There is question by the almost the same name already: What is the best regular expression to check if a string is a valid URL
I don\'t understand this stackoverflow
After reading RFC 3986, I have to say I was wrong. That regexp is fully working (that I know). First mistake I had was syntax of IPv6 addresesses, they are put around [], and second was about example.org: (note trailing double dot :). But as the RFC says scheme can have dots in it, so it's also valid.
So that's valid RFC way to do it, but people will usually (as I will) need to modify it to only accept some schemas.
Well, if you look at it, the specification is broken down into "chunks". That's how I'd suggest building the regex so that it's easier to read, more maintainable and understandable. So, the parts of the regex are (Optional are italicized):
So, we need to build a regex sub-part for each.
Scheme:
$scheme = "[a-z][a-z0-9+.-]*";
Username/Password:
$username = "([^:@/](:[^:@/])?@)?";
Domain or IP Address:
Now, we need to build up the 3 possible hosts:
Domain Name:
$segment = "([a-z][a-z0-9-]*?[a-z0-9])";
$domain = "({$segment}\.)*{$segment}";
IPv4:
$segment = "([0|1][0-9]{2}|2([0-4][0-9]|5[0-5]))";
$ipv4 = "({$segment}\.{$segment}\.{$segment}\.{$segment})";
IPv6:
$block = "([a-f0-9]{0,4})";
$rawIpv6 = "({$block}:){2,8}";
$ipv4sub = "(::ffff:{$ipv4})";
$ipv6 = "([({$rawIpv6}|{$ipv4sub})])";
Finally:
$host = "($domain|$ipv4|$ipv6)";
Port:
$port = "(:[\d]{1,5})?";
Path:
$path = "([^?;\#]*)?";
Query:
$query = "(\?[^\#;]*)?";
Anchor:
$anchor = "(\#.*)?";
And the final regex:
$regex = "#^{$scheme}://{$username}{$host}{$port}(/{$path}{$query}{$anchor}|)$#i";
Note that the /
is in the regex, and not the path part since path can be empty.

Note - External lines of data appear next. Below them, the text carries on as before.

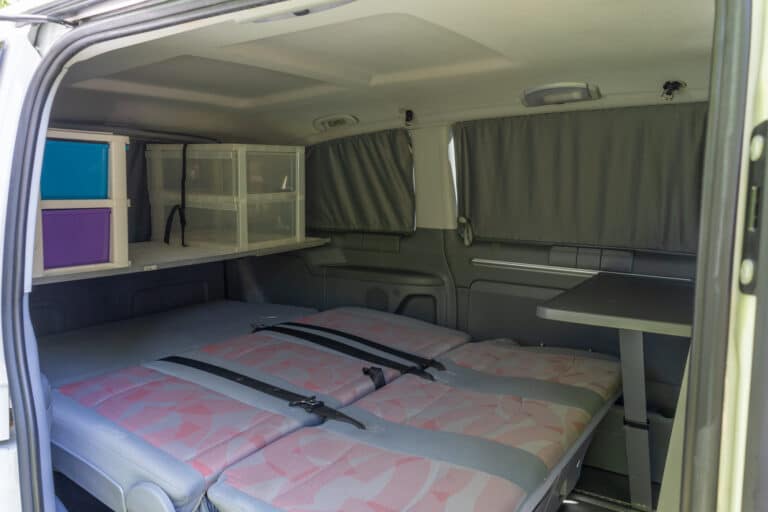 Intérieur de van aménagé avec lit et rangements.
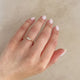 Close-up of a hand wearing the Promise Me Tomorrow Diamond Ring in 14k polished white gold.
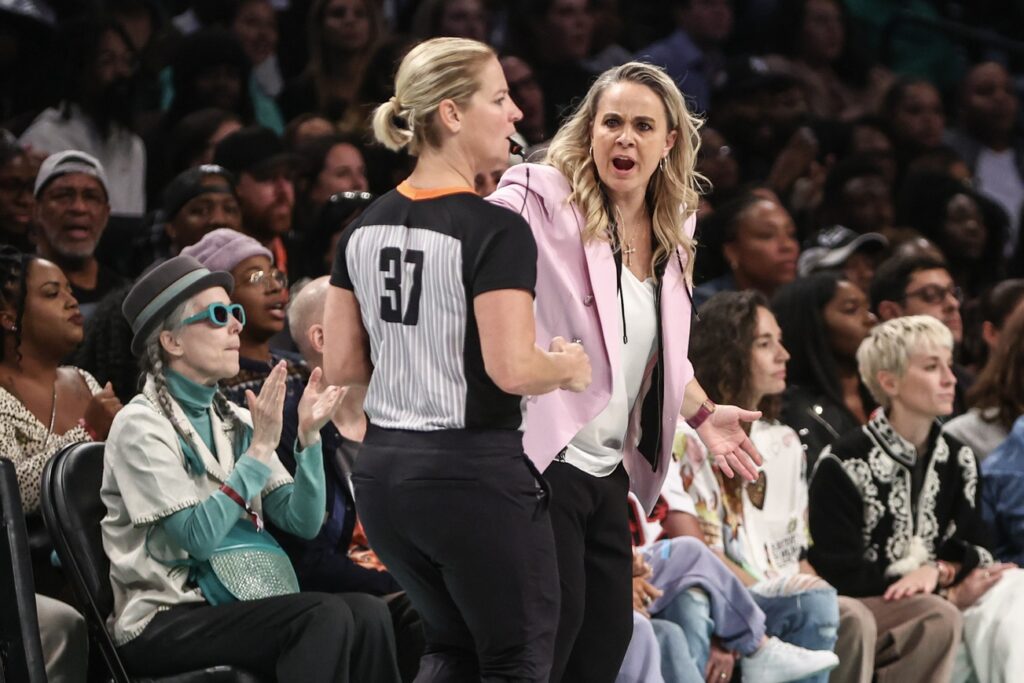 Becky Hammon discusses things with an official.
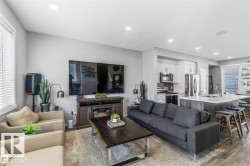 Open concept living area with recessed lighting and wood-finish flooring - 
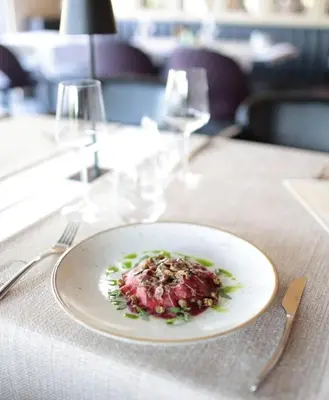 a plate of food sitting on a table at Boutique Hotel St Georgije in Banja Luka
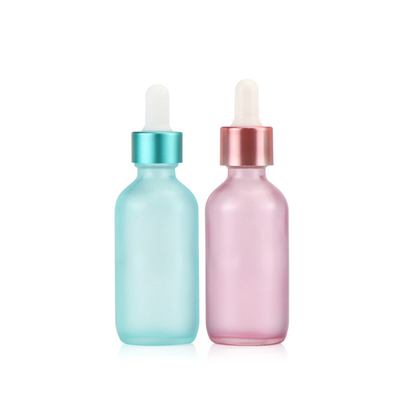 半透明で青いピンクのガラス点滴器の空の精油のびん30ml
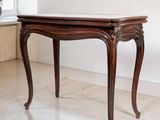 une table en bois avec un plateau en marbre dans une pièce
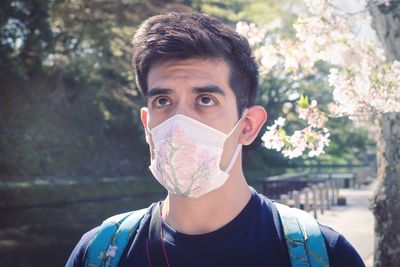 Portrait of young man against trees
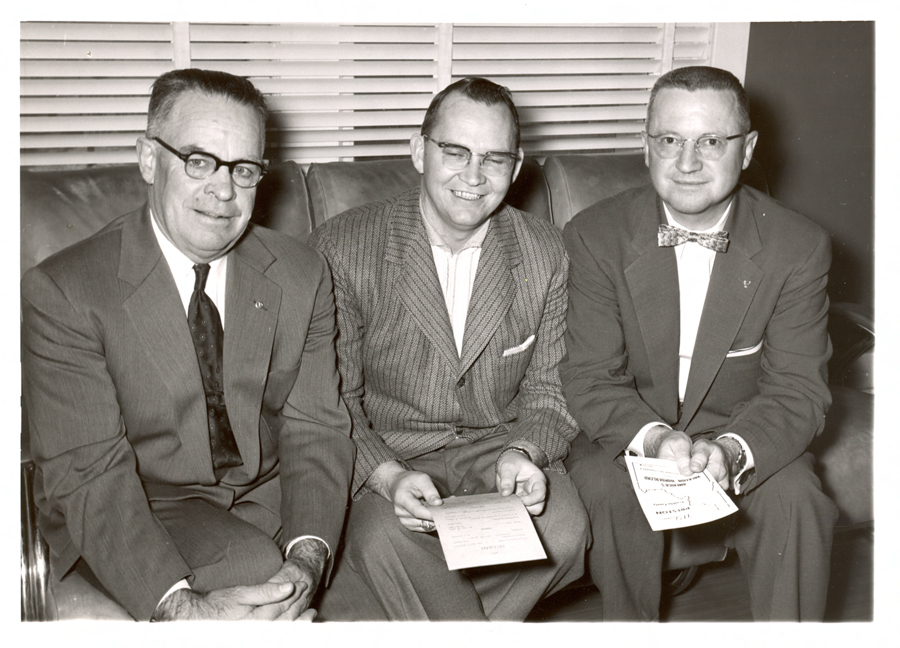 Three men in suits sitting on a couch. The man on the left is wearing glasses and a tie, while the man in the middle is smiling and holding a piece of paper. The man on the right, also wearing glasses, holds a booklet with text partially visible, including "Cheetah" and "Octopus Club." They are seated in front of a window with blinds.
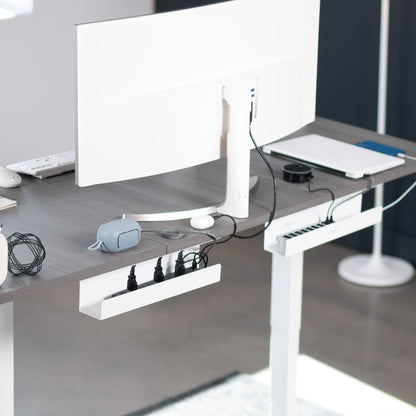 Modern office desk with computer setup and accessories with cable trays under the desk.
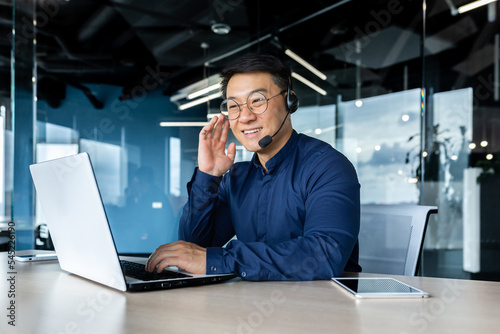 Cheerful and smiling office worker with video call headset, Asian customer support tech of online store, smiling and talking consulting. the man works inside the office.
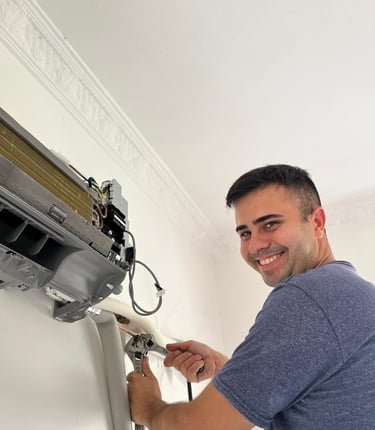 A smiling technician uses an adjustable wrench to repair an indoor wall-mounted air conditioning unit.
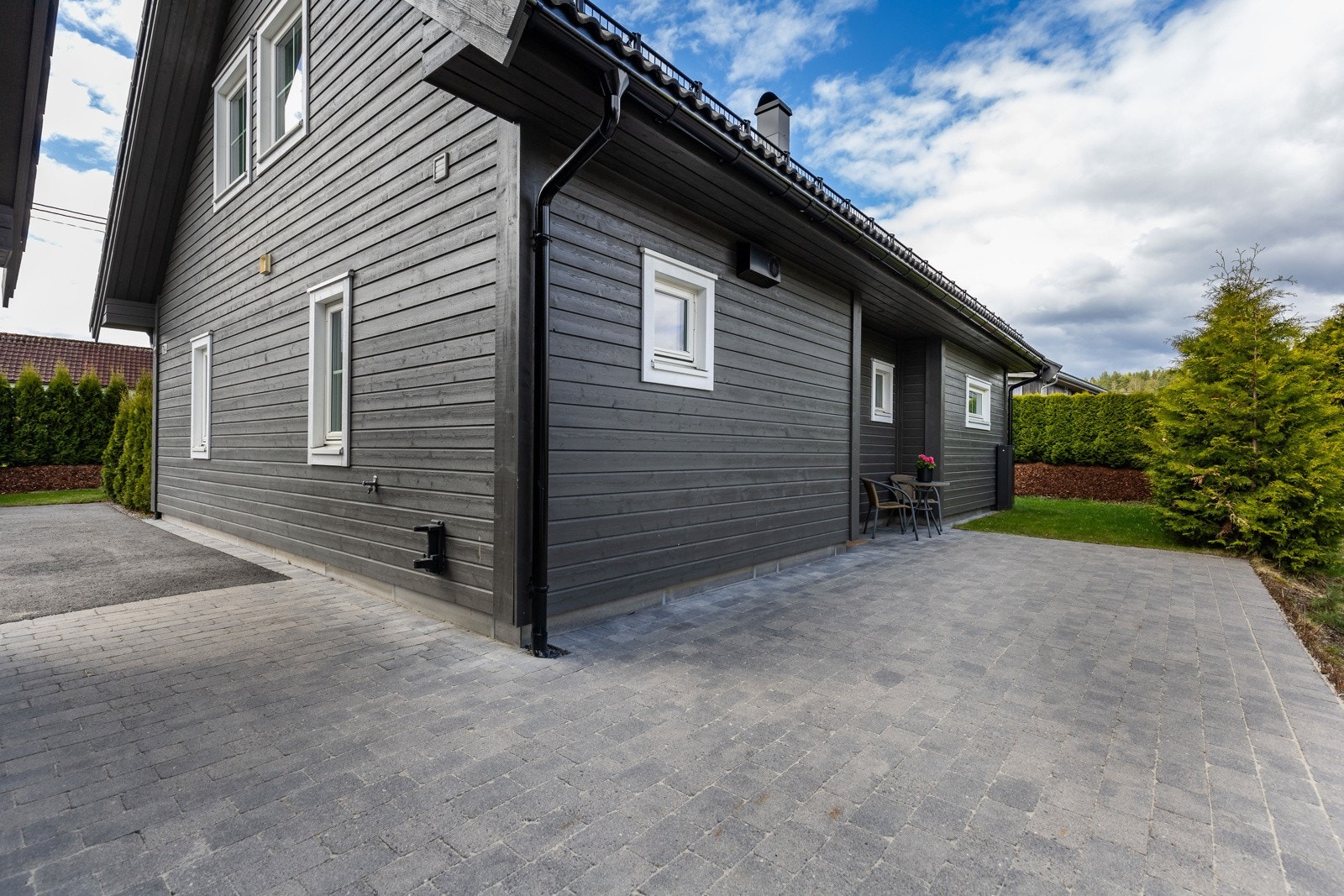 Moderne bolig med store vinduer og steinbelagt uteplass. Omgitt av velholdt hage og hekk. Galleribilde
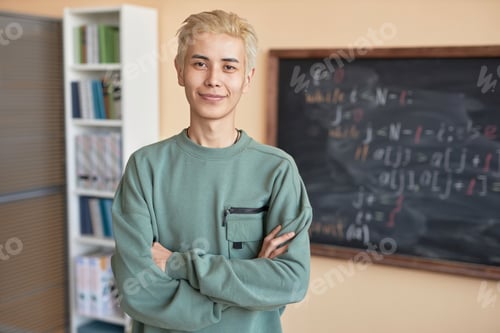 Preview: Young smiling Asian man in grey pullover crossing his arms by chest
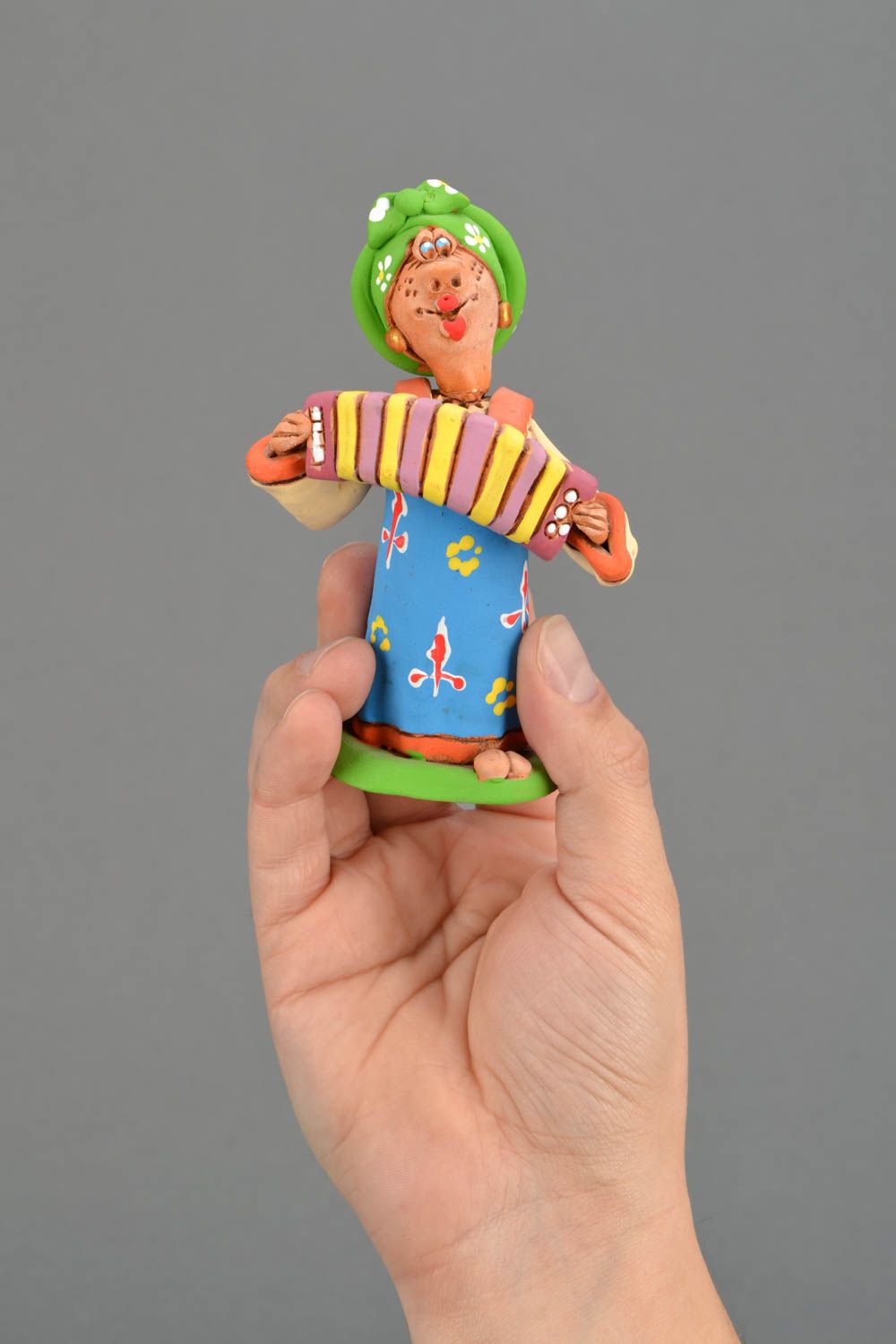 Bright clay figurine Cossack Woman Playing an Accordion photo 2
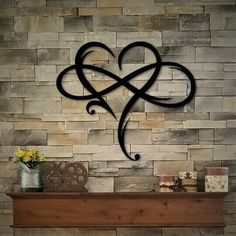 a fireplace with a heart shaped iron decoration on it's mantle next to a brick wall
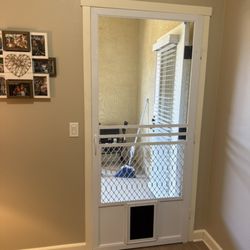 Mobile Screen Repair - We just completed a swinging screen door with integrated dog door installation. Give us a call for a free quote.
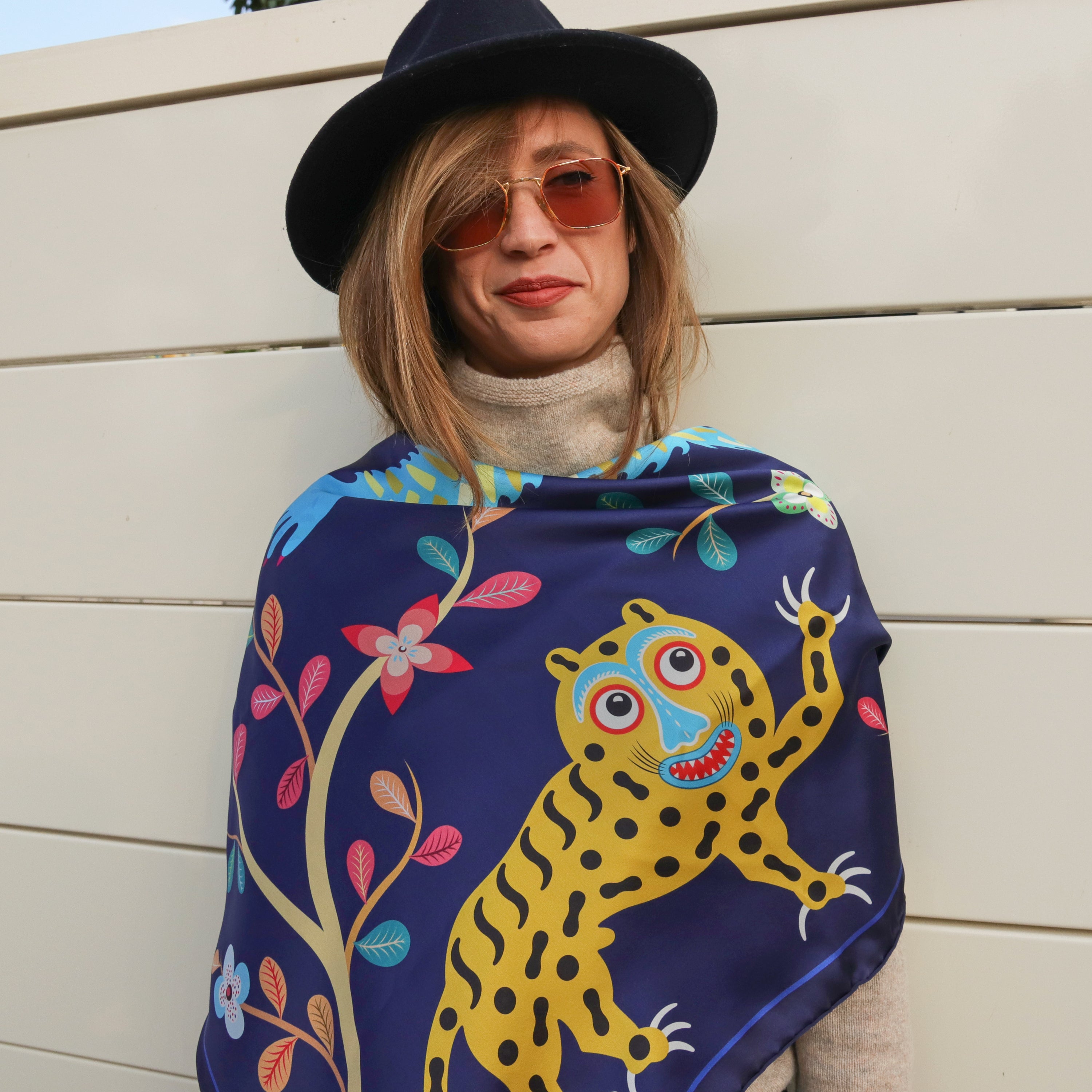 Model wearing the Abomey Indigo silk scarf draped over the shoulders with a grey sweater and black hat.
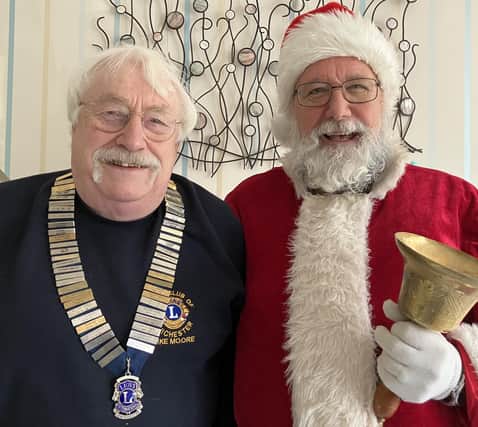 Santa and his friend Michael Moore, President of Chichester Lions Club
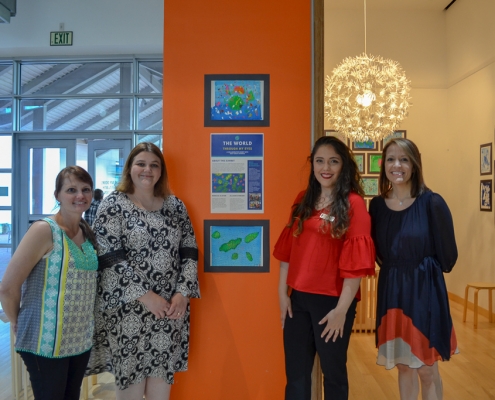 Teachers from West Wortham pose in front of The World Through My Eyes Gallery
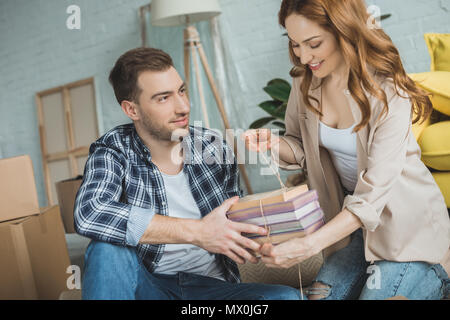 happy young couple packing books while moving home Stock Photo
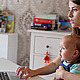 Young Mother with a Child Working at a Notebook - VideoHive Item for Sale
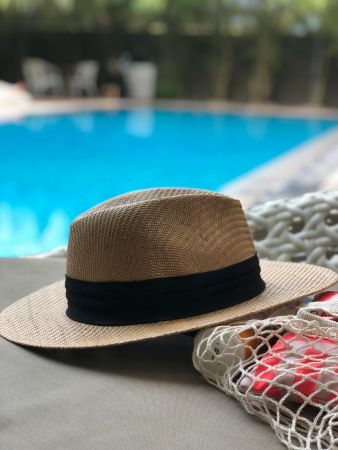 The Lodges of Huntersville A sun hat and a beach bag placed beside a sparkling pool, suggesting a relaxing day by the water.
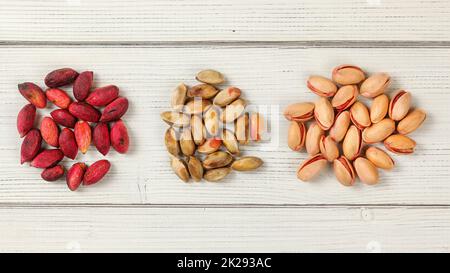 Rote türkische Pistazien auf Whiteboards. Teilweise getrocknet dunkel rosa Früchte, geschält, Nüsse sind im Inneren, und schließlich, geröstete Pistazien. Tischplatte anzeigen. Stockfoto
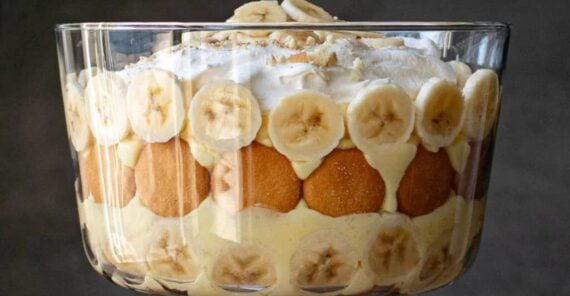 A glass trifle dish filled with layers of banana slices, vanilla wafers, creamy pudding, and whipped topping, garnished with banana slices on top.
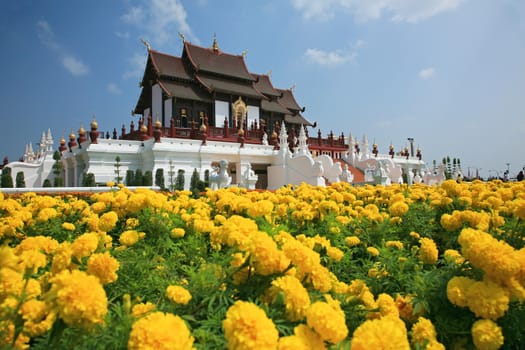 Traditional thai architecture in the Lanna style , Royal Pavilion (Ho Kum Luang) at Royal Flora Expo, Chiang Mai, Thailand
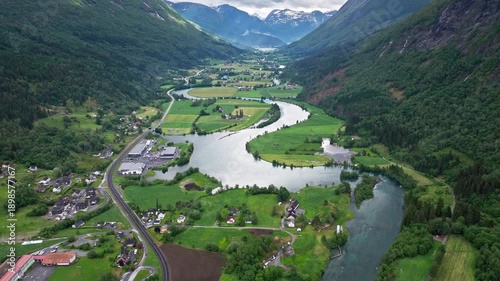 Wide drone panorama of Stryn landscape and river bends. Calm, scenic view of rural Norway with fields, houses, and flowing water framed by steep forested slopes.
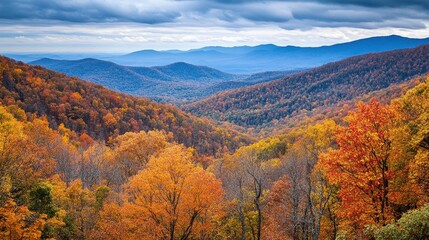 Fototapeta premium Majestic mountain landscape featuring autumn colors and tranquil lake under dramatic skies
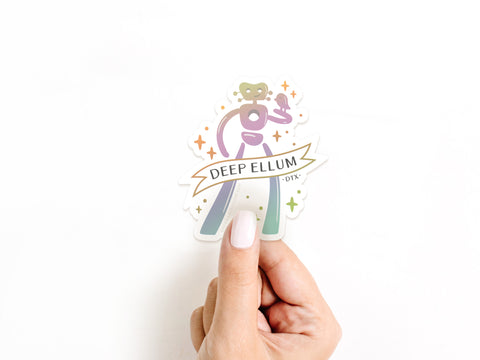A hand with light skin and white nail polish holds the Deep Ellum Traveling Man Holographic Sticker by Onderkast Studio. The durable vinyl shines with colorful abstract art, stars, and a “DEEP ELLUM - DTX-” banner on a white background.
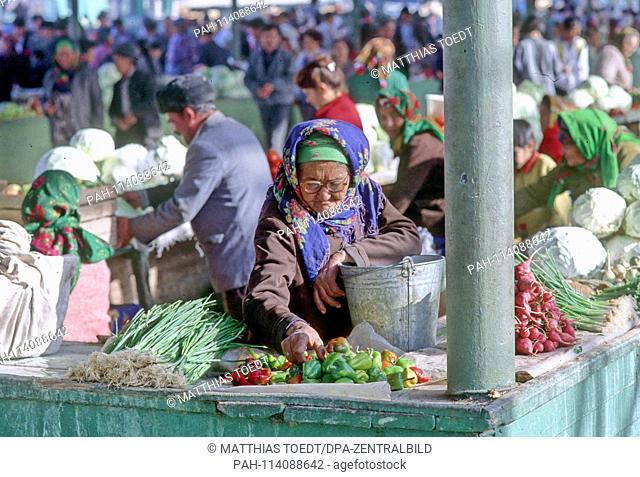 Old Uzbekistan sorts its offer of peppers and other vegetables at the market in Khiva, analogue and undated record of October 1992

Also note that I have not tested this. It should work, but definitely it needs confirming that each part is correct (as for what to expect in the url).
Also also note that this is only one way of doing it. You could use other tools that don't need regexp or a library or framework that'll be easier to maintain in the long run.
Best of luck
Thanks ircmaxell but I had to adjust a little the IPV6 regex for PHP to compile with preg_match.
I changed:
$ipv6 = "([({$rawIpv6}|{$ipv4sub})])";
To :
$ipv6 = "({$rawIpv6}|{$ipv4sub})";
Here's RFC that you can study: RFC 3986 - Uniform Resource Identifier (URI): Generic Syntax. Section 3.2.2 Host
is what you're looking for.
Unfortunately PHP's build-in function filter_var() doesn't support IPv6 syntax:
<?php
var_dump(filter_var('http://[2620:0:1cfe:face:b00c::3]:80/', FILTER_VALIDATE_URL));
// Output: boolean false